● **WHAT YOU WILL DO**
Span requested from the data below: the line with "Image of Hiker on Trolltunga in Norway" through the line with "Item preview, Wyvern", both included. Give only these lines again, exactly, and leave every picture out.

● **GIVEN DATA**
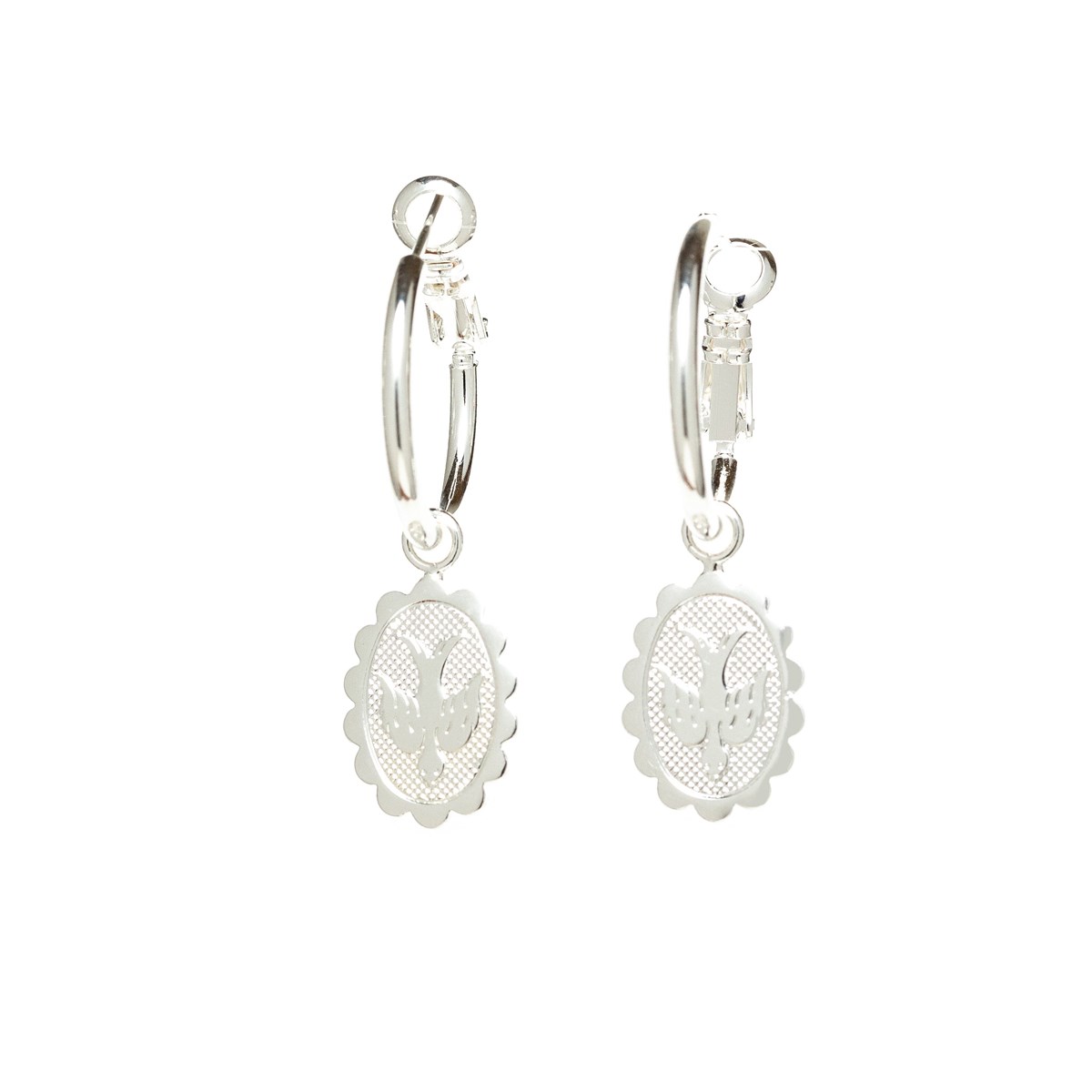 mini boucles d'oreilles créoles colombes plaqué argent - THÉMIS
* * *
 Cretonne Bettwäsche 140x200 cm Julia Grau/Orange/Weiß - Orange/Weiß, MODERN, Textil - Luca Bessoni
==
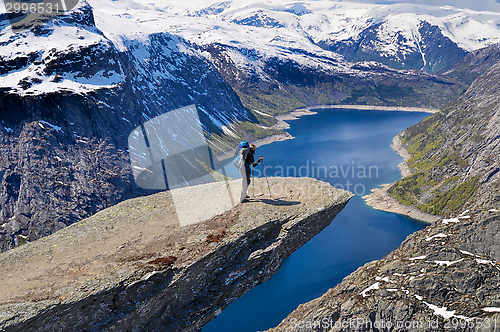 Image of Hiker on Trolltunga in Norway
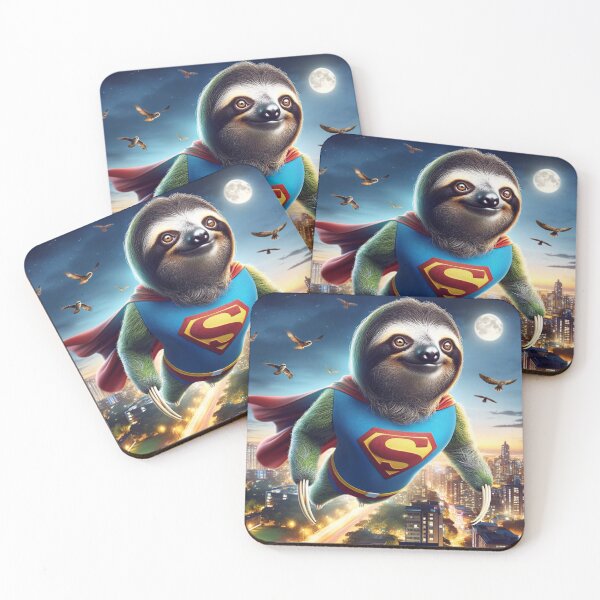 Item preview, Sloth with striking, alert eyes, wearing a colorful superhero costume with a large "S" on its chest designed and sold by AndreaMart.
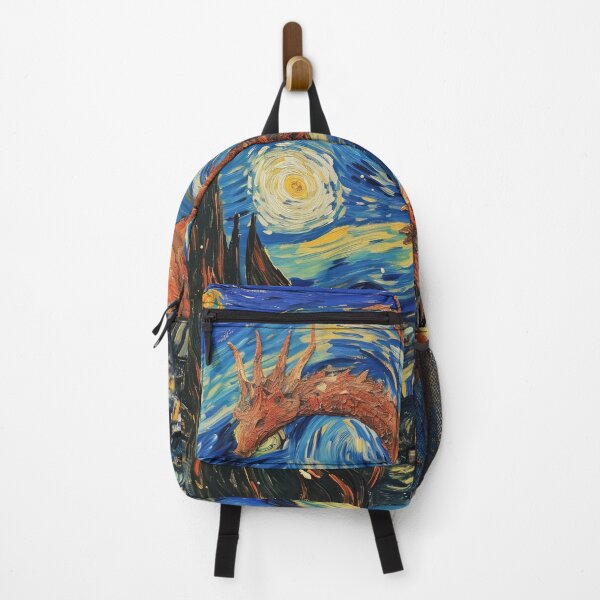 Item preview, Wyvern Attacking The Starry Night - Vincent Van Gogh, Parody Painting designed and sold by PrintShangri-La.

● **RESULT**
 Image of Hiker on Trolltunga in Norway
 Item preview, Sloth with striking, alert eyes, wearing a colorful superhero costume with a large "S" on its chest designed and sold by AndreaMart.
 Item preview, Wyvern Attacking The Starry Night - Vincent Van Gogh, Parody Painting designed and sold by PrintShangri-La.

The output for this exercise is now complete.